Dataset START

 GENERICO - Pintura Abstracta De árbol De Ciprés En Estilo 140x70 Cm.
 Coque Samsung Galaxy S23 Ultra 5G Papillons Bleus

Dataset END
Dataset START

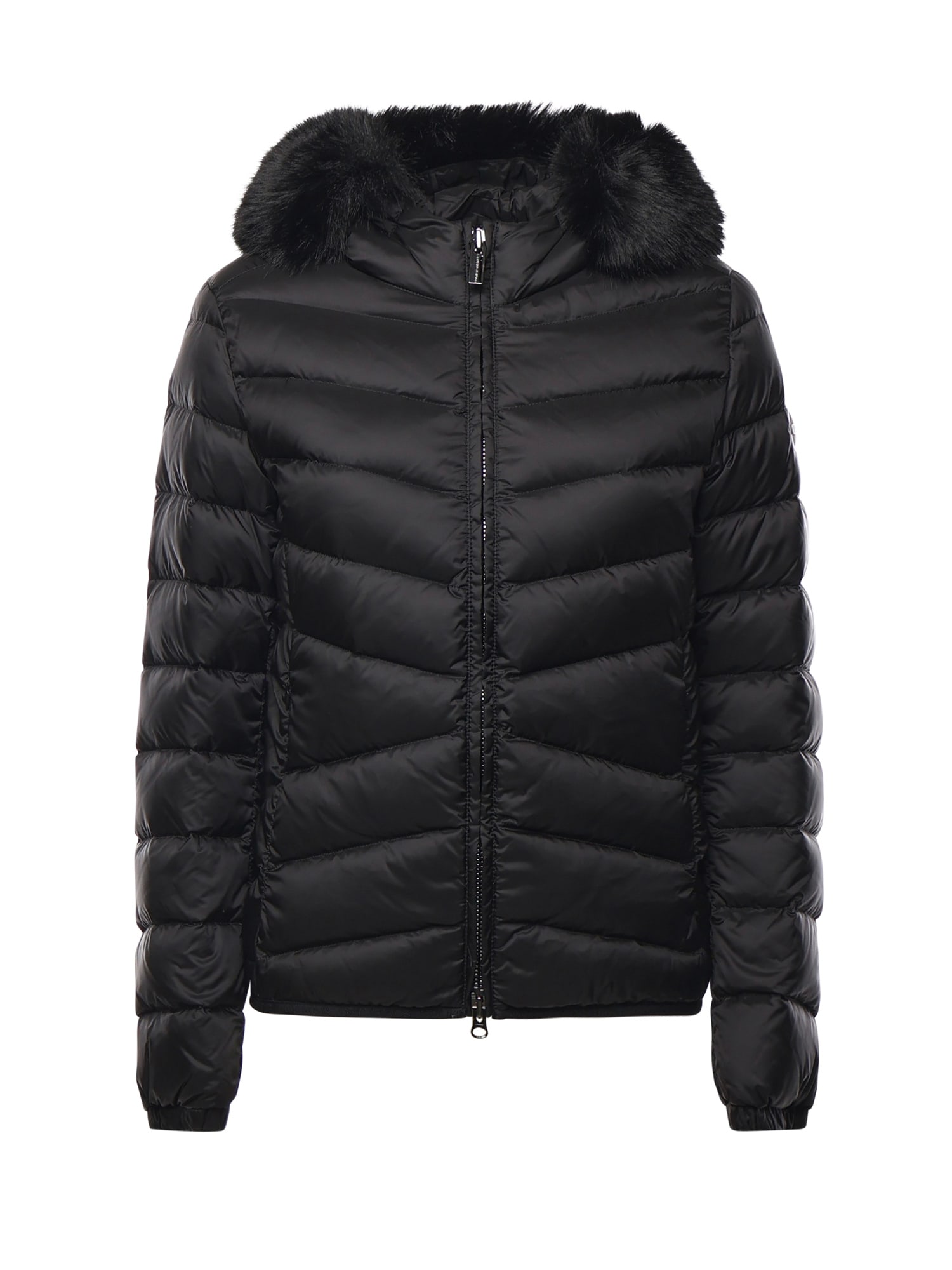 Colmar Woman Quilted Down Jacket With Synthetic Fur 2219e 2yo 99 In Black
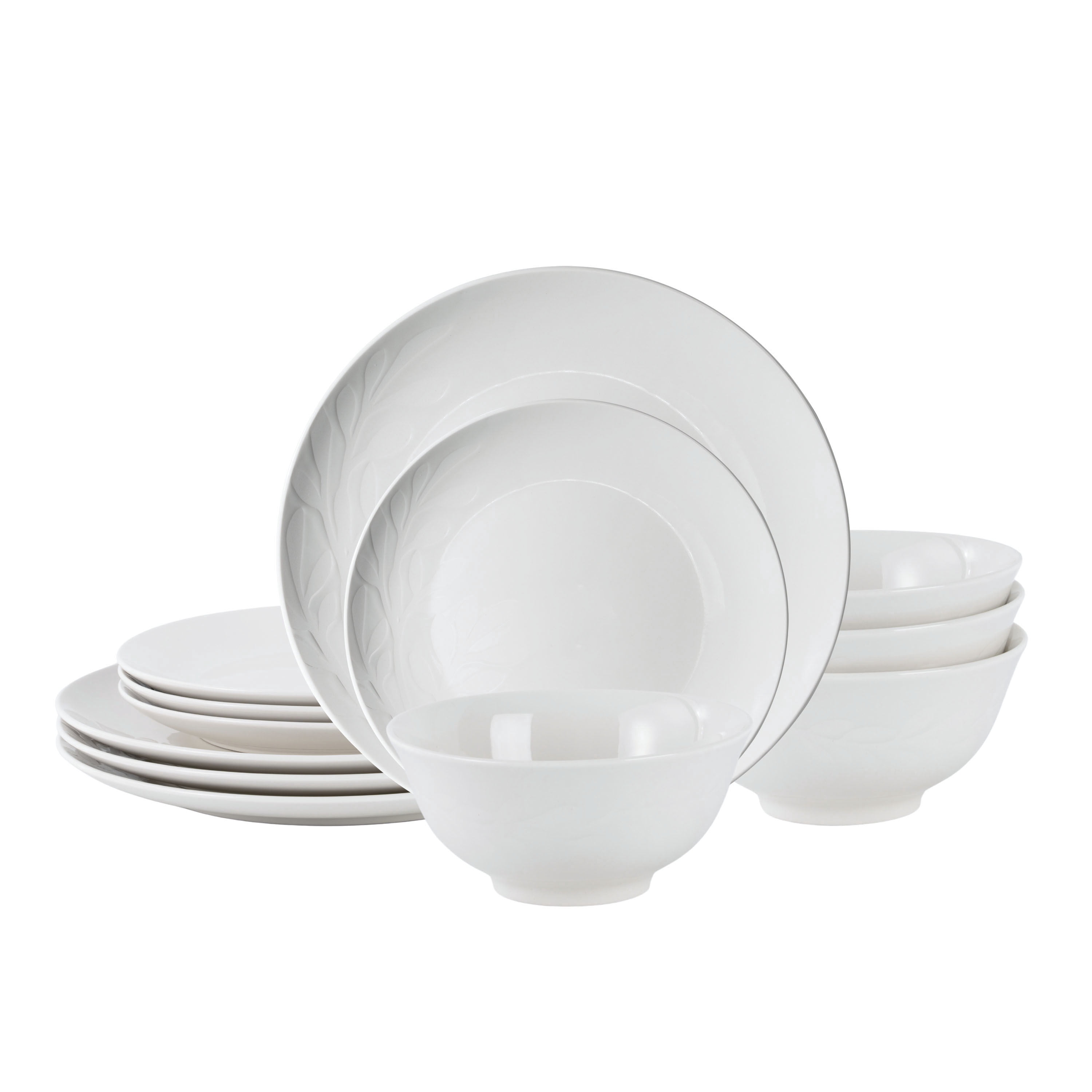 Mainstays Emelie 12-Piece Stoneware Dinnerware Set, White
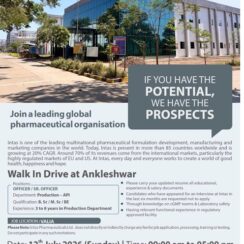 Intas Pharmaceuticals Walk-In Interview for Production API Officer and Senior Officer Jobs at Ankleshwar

Dataset END

# [The task]
In the listing above, find the line containing "Colmar Woman Quilted" and the line containing "Intas Pharmaceuticals Walk-In", then write out both of them and every line between, exactly, with no pictures.

# [Result of this exercise]
 Colmar Woman Quilted Down Jacket With Synthetic Fur 2219e 2yo 99 In Black
 Mainstays Emelie 12-Piece Stoneware Dinnerware Set, White
 Intas Pharmaceuticals Walk-In Interview for Production API Officer and Senior Officer Jobs at Ankleshwar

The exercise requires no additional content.